Western Australia’s tallest tree species naturally occurs only in a small, relatively wet portion of the state’s southwest.
Karri – Eucalyptus diversicolour – is one of Australia’s tall Eucalypts; collectively, they are the world’s tallest flowering plants.
Karri is not the tallest of them, but the biggest karri trees are among “our” planet’s most massive living individuals.
Counter-intuitive, but true: Europe’s tallest (reliably measured) tree is a karri, planted circa 130 years ago in Portugal.
The Karri Knight (circa 75 metres) is a little shorter than is the tallest WA-resident karri.
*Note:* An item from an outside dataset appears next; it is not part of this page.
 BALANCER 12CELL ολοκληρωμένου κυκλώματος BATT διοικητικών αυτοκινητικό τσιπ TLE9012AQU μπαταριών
Virgin karri forest is extraordinarily beautiful, and can only be experienced in a small number of Western Australian places.
Warren National Park has no peer, at least among those which are readily 2WD-accessible.
In the featured (monochrome) image you can see the crowns of some massive karri trees, as reflected in the surface of the Warren River at 4.57 pm on August 18, 2025.
Also visible – and not just “as reflected” – are some of the other tree species that comprise a mature karri forest’s always-lovely understorey.
A forthcoming post (or two) in this series will show more of what we saw on that late winter afternoon.
The photos below show the shining trunks of two relatively young trees.
These photos were taken two days earlier, when we were briefly in Warren National Park, en route to the Yeagarup Dunes, and Yeagarup Beach, where the Warren River meets the Southern Ocean.

I’d guesstimate the pictured “shiny” trees’ age at circa 40 years.
At that age, a healthy karri is already impressively tall and straight.
At age 100 years it will likely have attained very nearly its full height.
However, if it survives for a further couple of centuries, that tree’s girth will continue to expand.
The much more massive “background” karri in these two photos are examples of that process.
Many of the “giants” in this forest have been “de-crowned” by one or more winter storms; most survive such events, and continue to increase their mass..until fire or water stress eventually defeat them.
A really big karri can yield 200 cubic metres – more than 7,000 cubic feet – of excellent timber.

Click here for a photo gallery of tall eucalypts.
The nearest of Australia’s other tall eucalypt forests are more than 3,000 kilometres away.
WA’s Karri forests now cover fewer than 2,000 square kilometres – an area less than half the size of Kangaroo Island.